Various comments on the insecurity of compression plaintext prior to encryption, related to security breaches such as CRIME or BREACH, make me unsure of how to do this. Also, some argue that compression prior to encryption is actually good security practice. I realize that attacks such as CRIME or BREACH are specific scenarios, but I am concerned that my application might be too close (or eventually come too close) to a similar scenario where compression may pose a security risk (DB contents can be stolen, server compromised etc). I am also not enough of an expert to fully understand all the aspects, details and nuances of CRIME or BREACH.

After reading this discussion on the topic, with the recommendation to pad the plaintext with a random nonce before compression, I wonder if the following implementation (in PHP) will safely do the job:

    $plaintext = gzcompress ($plaintext . openssl_random_pseudo_bytes (64));
    $cipher_text = openssl_encrypt ($plaintext, 'aes-256-cbc', $key, 0, $iv);

Data integrity is ensured through an HMAC signing / verification procedure on the cipher text and key.

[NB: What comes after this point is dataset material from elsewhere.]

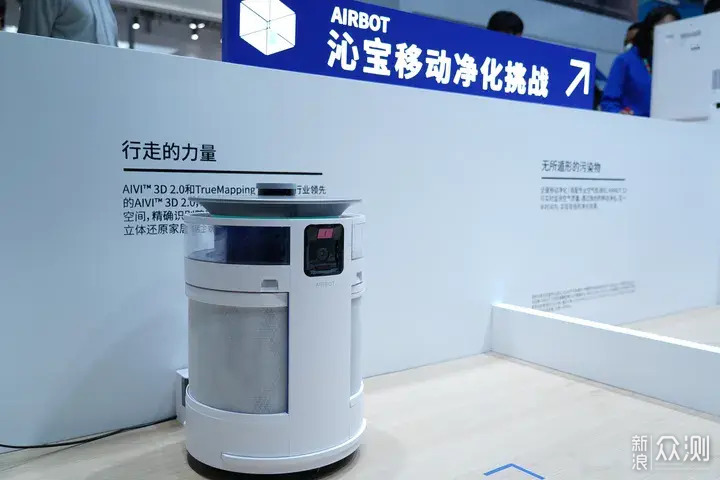 AWE 2024科沃斯哪些清潔電器讓人大開眼界？_新浪眾測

Is this a safe implementation?

Would there be any benefit in the nonce being of random length, and then adding the length information to the end of the padding in order to remove the padding after decryption? Or should the length of the nonce be in relation to the length of the plaintext (which would typically be at least 512 bytes)?

NOTE: as far as I can tell, my specific application and proposed solution do not seem answered by the possible duplicate suggested in the comments.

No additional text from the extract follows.